Diagnostics: Deviance Residuals

In this last section, we are going to look at model diagnostics, which provide a way us a way with which to assess the model. The following plots look at the residuals in the response variable as a function of the covariates.

res1 <- ggplot(data=NULL, aes(x=Default$income, y=residuals(binDef), color=Default$student)) +
  geom_point() +
  xlab("Income") + 
  ylab("Deviance Residuals") +
  labs(title="Deviance Residuals by Income")
res2<- ggplot(data=NULL, aes(x=Default$student, y=residuals(binDef))) +
  geom_boxplot() +
  xlab("Student") + 
  ylab("Deviance Residuals") +
  labs(title="Deviance Residuals by Student Type")
res3 <- ggplot(data=NULL, aes(x=Default$balance, y=residuals(binDef), color=Default$student)) +
  geom_point() +
  xlab("Balance") + 
  ylab("Deviance Residuals") +
  labs(title="Deviance Residuals by Balance")
res1

res2

res3

What do you think these plots suggest about the quality of the model? Do they suggest any major issues with the model?
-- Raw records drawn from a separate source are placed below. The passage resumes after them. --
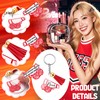 Canlierr 30 Pcs Cheer Keychains Bulk DIY Cheerleading Keychain with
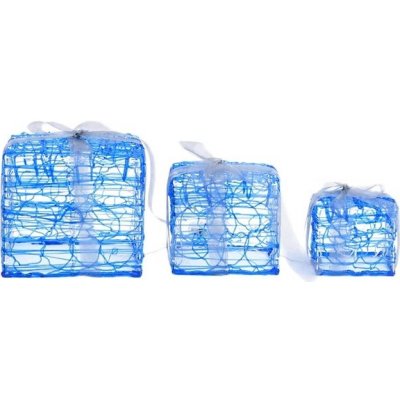 shumee Dekorativní akrylové vánoční dárky 3 ks studené bílé – Hledejceny.cz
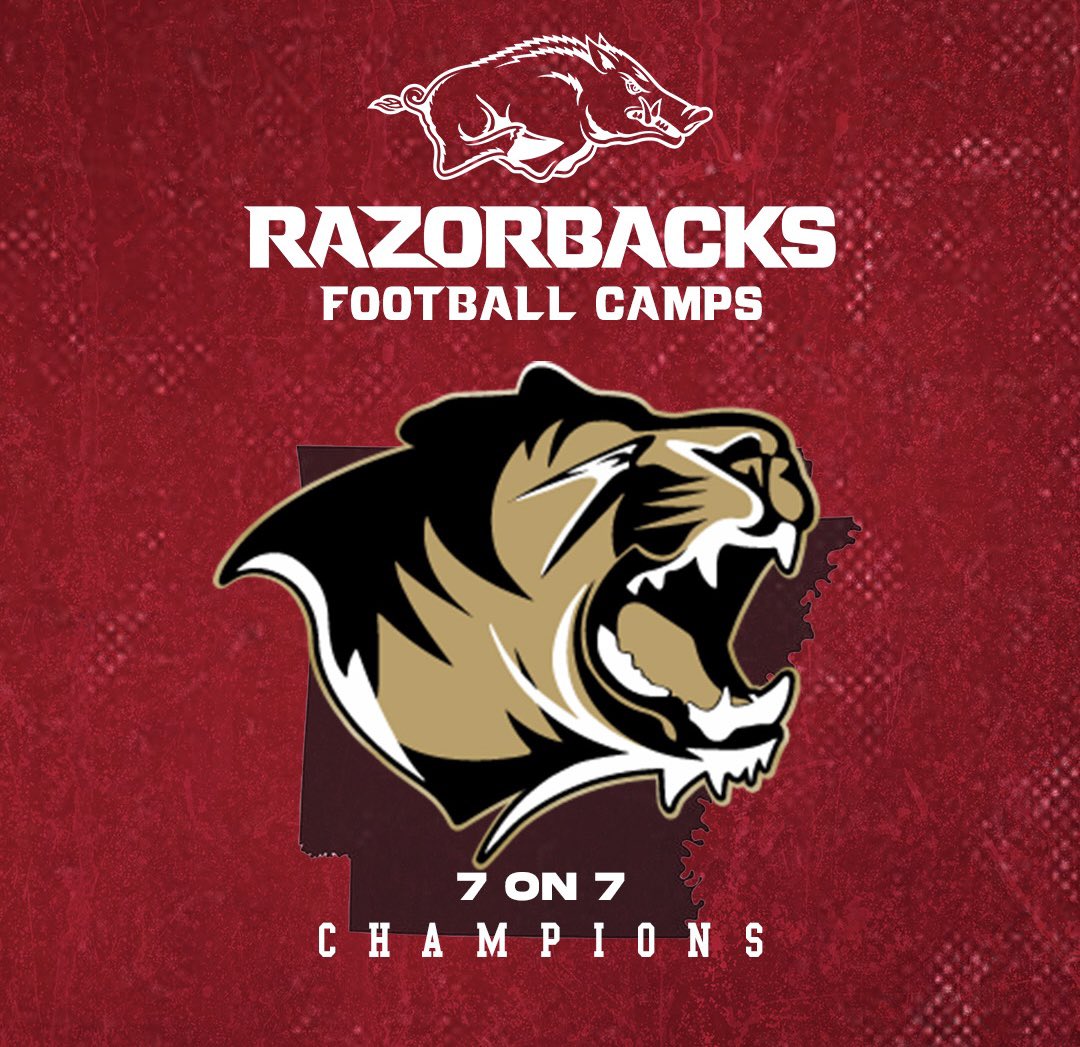 Congratulations to our 7 on 7 camp champions! 🐗🏆

Thank you to all the participating teams for making this another great Arkansas Football Camp!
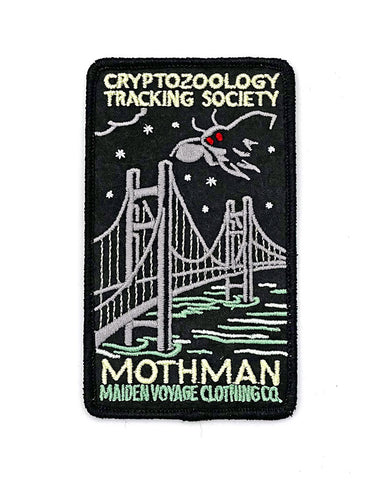 Mothman Cryptozoology Patch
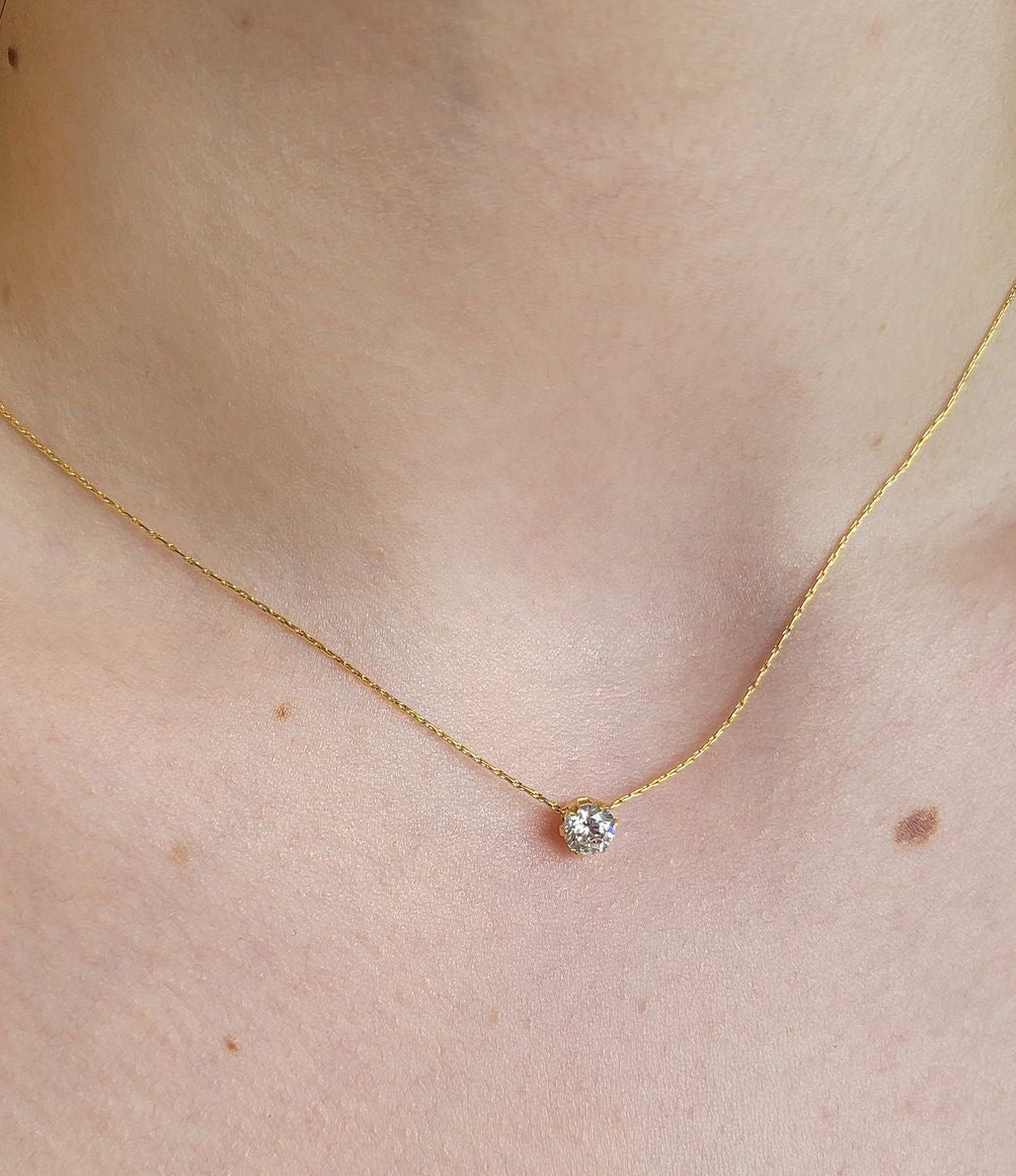 Solitaire Necklace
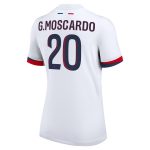 maglia da trasferta nike del psg 2024-2025 – donne con stampa g.moscardo 20 Collezione | Kit e Maglie PSG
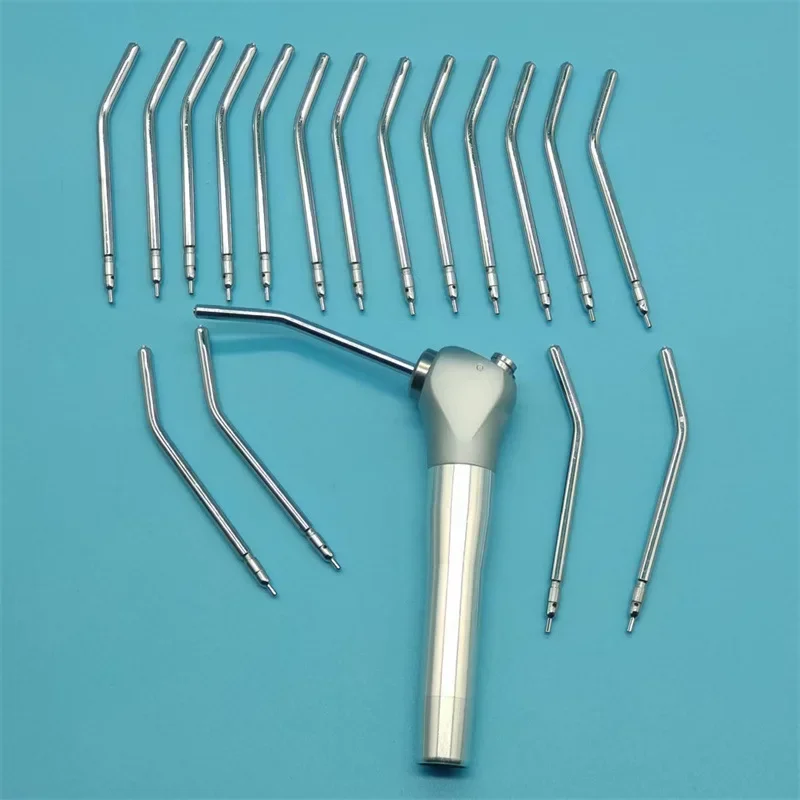 10PCs Dental Stainless Steel Nozzle Air Water Triple Syringe Nozzles Tips Dentist Three Way Gun Oral Materials Accessories Tools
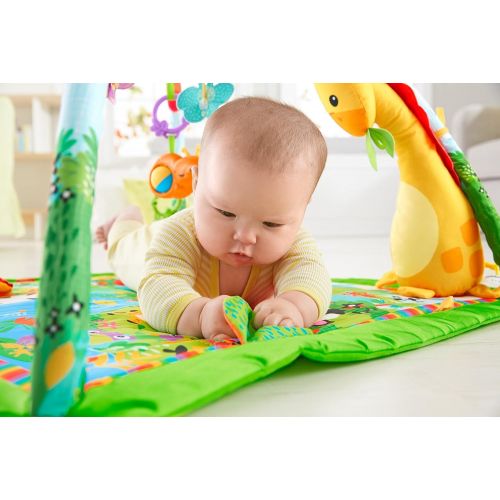 피셔프라이스 Fisher-Price Rainforest Music & Lights Deluxe Gym [Amazon Exclusive]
As balance increases, the deviance residuals get pulled from positive to negative values. For student categories, the deviance residuals are similar. For income,a lot of negative residuals (seems to be driving the overshooting of the model)

Histogram of Deviance Residuals

Plot the histograms of of the residuals.

resHist <- ggplot(data=NULL, aes(x=residuals(binDef))) +
  geom_histogram() +
  xlab("Residuals") +
  ylab("Counts") +
  labs(title="Distribution of Deviance Residuals")
resHist

residual is the actual (observed) value minus the predicted value.
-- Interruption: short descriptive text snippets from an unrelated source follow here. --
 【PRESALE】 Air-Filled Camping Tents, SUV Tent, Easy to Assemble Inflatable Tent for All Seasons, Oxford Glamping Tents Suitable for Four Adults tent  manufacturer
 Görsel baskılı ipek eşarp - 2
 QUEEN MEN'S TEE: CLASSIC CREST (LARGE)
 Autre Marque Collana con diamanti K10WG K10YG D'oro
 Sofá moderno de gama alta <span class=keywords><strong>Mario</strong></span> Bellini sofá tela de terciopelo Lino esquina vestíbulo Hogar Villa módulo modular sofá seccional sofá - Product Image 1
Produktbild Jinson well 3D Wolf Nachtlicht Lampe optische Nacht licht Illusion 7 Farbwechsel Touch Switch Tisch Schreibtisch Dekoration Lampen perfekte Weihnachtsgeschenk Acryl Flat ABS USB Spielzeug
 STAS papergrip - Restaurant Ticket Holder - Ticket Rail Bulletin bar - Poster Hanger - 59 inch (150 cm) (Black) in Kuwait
If you have a negative value for a residual it means the actual value was LESS than the predicted value. Our model is overshooting the actual values.
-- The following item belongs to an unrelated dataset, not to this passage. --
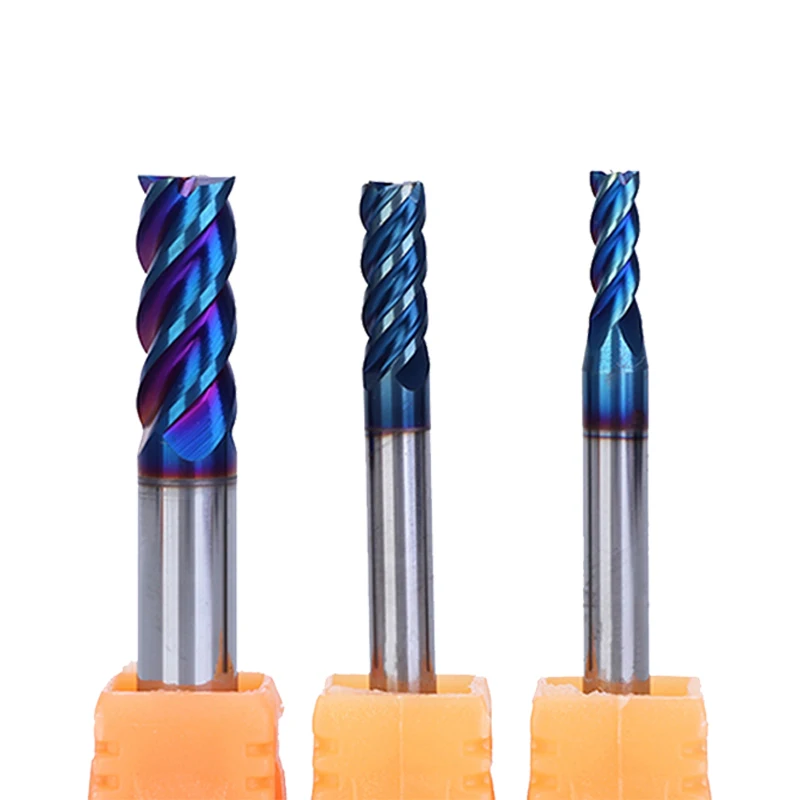 UCHEER 4 flauto HRC55 fresa fresa in metallo duro utensile per il taglio dei metalli rivestimento in lega taglierina in acciaio fresa CNC Router Bit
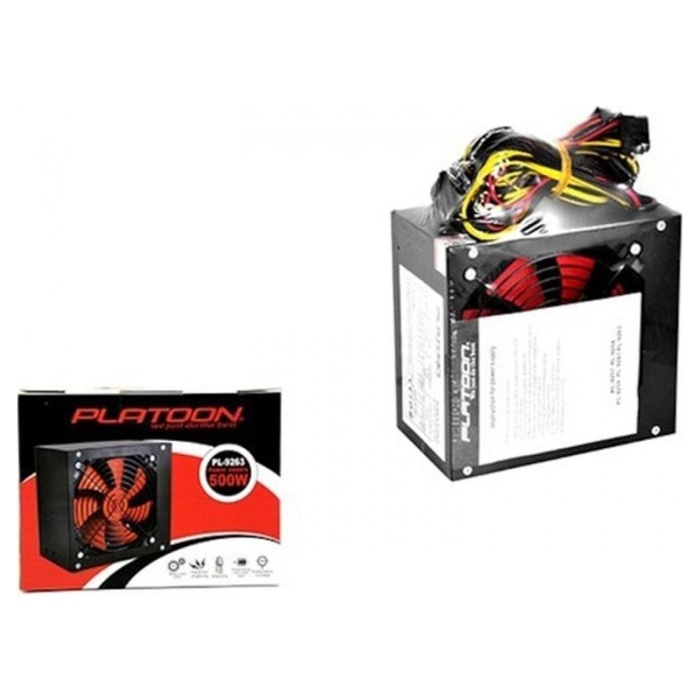 Platoon PL-9263 500W Gaming PC Power Supply 12cm Geniş Fan Güç Kaynağı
glm(formula = default ~ student + balance + income, family = binomial(link = “logit”), data = Default)

So we might want to consider a simpler model, remove income.

Diagnostics: QQ Plot

Construct a QQ Plot of the residuals.

qqnorm(residuals(binDef))

is a graphical tool to help us assess if a set of data plausibly came from some theoretical distribution such as a Normal or exponential. Normal Q-Q plots that look like this usually mean your sample data are skewed. Which makes sense because we had a lot of No’s (with downward concavity corresponding to negative skewness (long tail to the left) and upward concavity indicating positive skewness.)

Diagnostics: Leverage Points

Run the following code to create a plot of the leverage points.

halfnorm(hatvalues(binDef))

head(hatvalues(binDef))
##            1            2            3            4            5            6 
## 6.375400e-05 6.575620e-05 2.344373e-04 2.842522e-05 7.491062e-05 1.075051e-04

Based on the previous few plots, has your interpretation of the model quality changed at all? If so, how?

By sorting the data you isolate influential points. If an observation has a response value that is very different from the predicted value based on a model, then that observation is called an outlier. On the other hand, if an observation has a particularly unusual combination of predictor values (e.g., one predictor has a very different value for that observation compared with all the other data observations), then that observation is said to have high leverage. Can be both high leverage and influential but also different

High-leverage points are those observations, if any, made at extreme or outlying values of the independent variables such that the lack of neighboring observations means that the fitted regression model will pass close to that particular observation

An outlier is a data point whose response y does not follow the general trend of the rest of the data.

A data point has high leverage if it has “extreme” predictor x values. With a single predictor, an extreme x value is simply one that is particularly high or low. With multiple predictors, extreme x values may be particularly high or low for one or more predictors, or may be “unusual” combinations of predictor values (e.g., with two predictors that are positively correlated, an unusual combination of predictor values might be a high value of one predictor paired with a low value of the other predictor).